正しい歴史

 もう80歳くらいになるだろうか、子どもの頃からの古い知り合いのおじさんは、戦争に行く前に敗戦になったのだが、同窓会に教師が来るときくと、絶対に行かなかった。軍国主義を教えて、生徒を戦地に行かせたくせに、戦後は口を拭って民主主義を言い出した教師をゆるせない、とずっと言っていた。
 そのおじさん、戦後しばらく、神戸で警官をしていた。容疑者を蹴ったり殴ったりもしていたらしい。そういう時代だったって。その頃の上司に、戦争中に朝鮮にいたという人がいて、毎日、トラックで村村をまわって、若い娘を強制連行するのが仕事だったと言っていた。上から指示された人数だけ、トラックにのせる。そのときは泣き叫ぶ家族から娘を引き剥がしても、なんとも思わなかったそうだ。そうして、どの村から何人娘を連れてきた、という報告書を書いていた。だから、とおじさんは言うのだ。従軍慰安婦は、公の機関に報告書があるはずの(もちろんそんな報告書をとっておくはずもないだろうが)、公の仕事だったのである。
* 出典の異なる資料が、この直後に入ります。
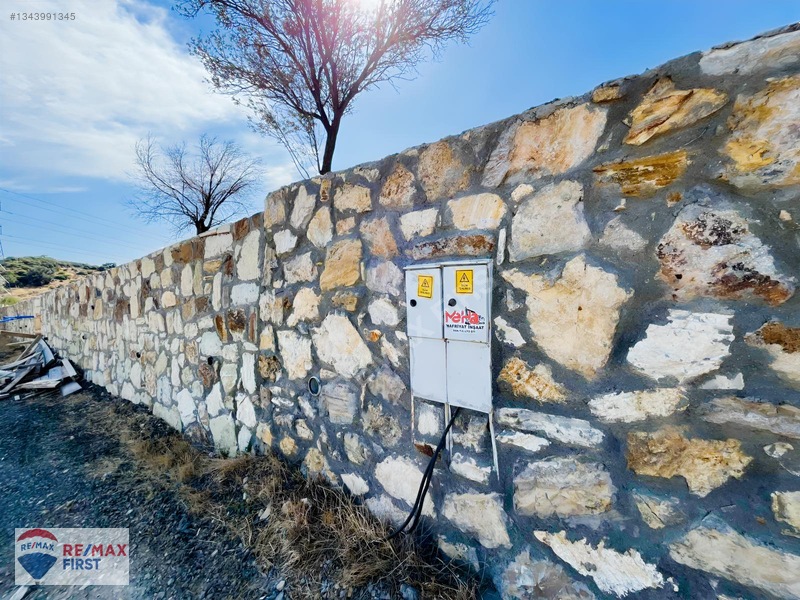 Foça Kozbeyli'de Deniz Manzaralı 443 M² Arsa (2 Hisseli) — fotoğraf 11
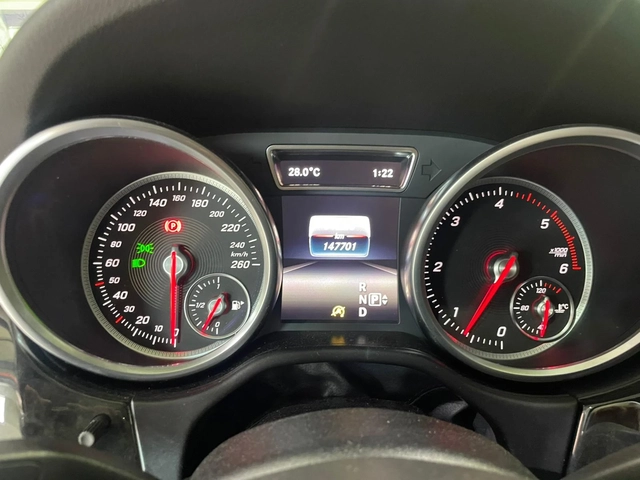 Mercedes-Benz GLE 350 d 4 Matic ! AMG Line ! - автомобили, коли, обяви за нови и употребявани 12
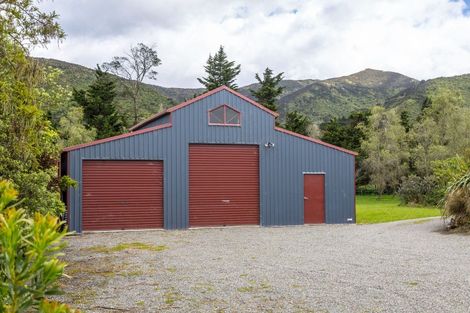 Photo of property in 344 Underhill Road, Tauwharenikau, Featherston, 5773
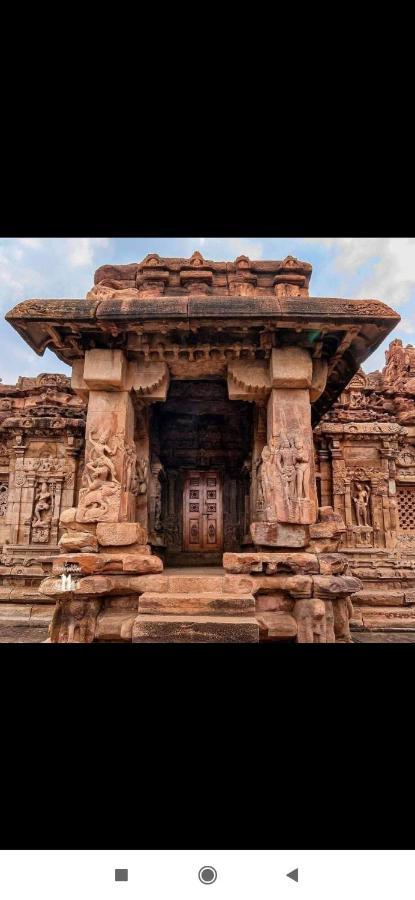 Lohit Homestay Hampi Esterno foto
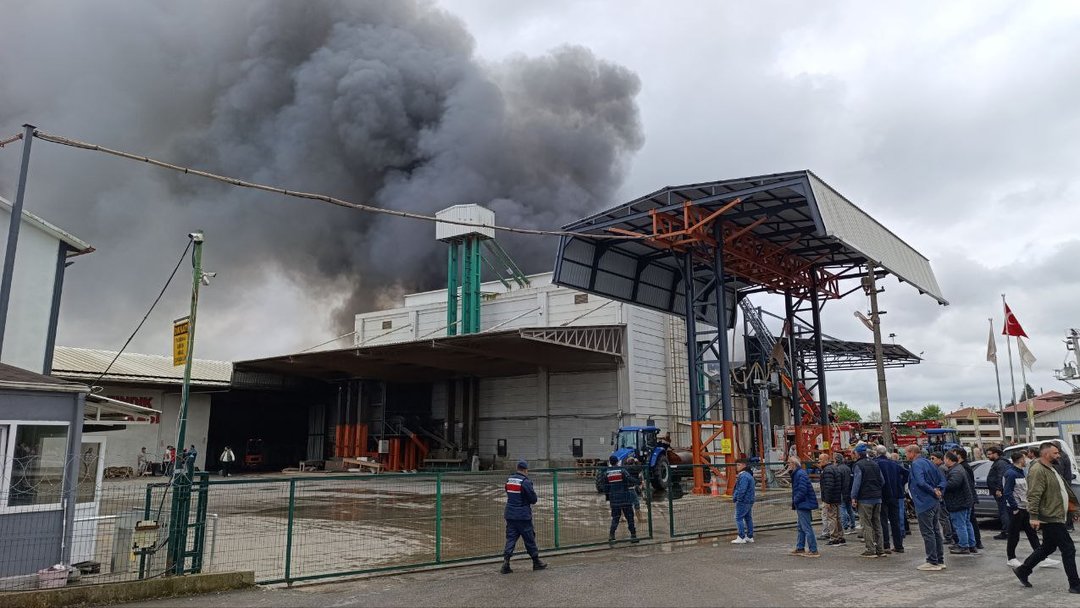 SAKARYA’DA FABRİKA YANGINI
 従軍慰安婦のことも、沖縄の集団自決のことも、軍や国家の仕業でなければ、いったい誰の仕業だろうか。兵隊の相手をさせられたのなら、軍の慰安婦だったのだ。娘たちをトラックに乗せたのは役人だし、自決の手榴弾を配ったのは日本の軍人で、それでいて関与はないと、なんだかよくわからない。いったい何を隠したくて何を守りたいのか。
 
 被害と加害は分かちがたく、被害者として、または加害者として、あるいは両方の立場で、歴史、あるいは犯罪を成立させている。被害はわかりやすい。自分が痛いから。でも加害については、自分ではわからない。加害の実態をもっともよく知るのは被害者であり、被害者から教えてもらわなければならないことなのだ。自虐史観の克服は、自己の全体像の回復にほかならないはずであり、つとめて努力しなければならないのは、加害者としての自己像の回復であり、それを欠いたままでは、いつまでも苦しまなければならないのは、この美しい国日本だろう。
 
 もう亡くなってしまわれただろう。会ったことはないのだが、テープおこしをしたので、声を聞いた。学生の頃。韓国で生まれたお婆さんで、日本に出稼ぎに行ったお母さんに会いたくて、日本に若い娘の働き口があると言われて、船に乗った。下関から汽車に乗って連れてゆかれたのは京都のほうで、働き口は遊郭だった。だまされて売られたのだ。だましたのは日本人。何年かそこにいて、それから結婚することになって広島に来た。たくさん子どもがいて奥さんが死んで困っている男の人のところだった。だがその家族も原爆でみんな死んだ。自分ひとりだけ生き残った。戦後になって、日本にきていた母親がとっくに韓国に帰って弟たちと一緒にいることがわかった。でも自分に帰ってこいと言ってはくれなかった。そのままずっと、ひとりで広島で暮らした。「平和のためだから」。そう言って、そのお婆さんに被爆体験を語るように励ましたお婆さんも被爆者で、被爆して体が弱いことと朝鮮人だということに将来を悲観した息子さんを自殺で失っていた。
 
 在日韓国人女性被爆者の被爆体験の聞き書きに携わったのだった。テープレコーダーを抱えていくのだが、話したくないと何度も言われた。あんたらに話したってどうせわからん。きっとそのとおりなのだ。わかってもらえないことを、話さなければならないことは、幾重にもこの人を傷つけることになるんじゃないかと、被爆体験を聞かせてほしいなどと、どうしてそんなことを言っていいのだろうと、葛藤もしたけれど、歳月が過ぎて、こうして次々に鬼籍に入られてみると(先日もひとり亡くなった)、聞かせてもらってよかった、と思う。今でも耳の奥に声が残っている。話したくない、といった人が、ある日せきを切ったように話し始め、家族のことを公にすることも「本当のことだから」とためらわず、「正しい歴史を残してちょうだい」と言ったのだ。学校にはいけなかった人たち、韓国語も忘れて日本語も下手で、自分は中途半端な人間だと、自嘲するお婆さんもいたが、「正しい歴史」がどこにあるかを、彼女たちは知っていたし、私もまた彼女たちから教えてもらったと思う。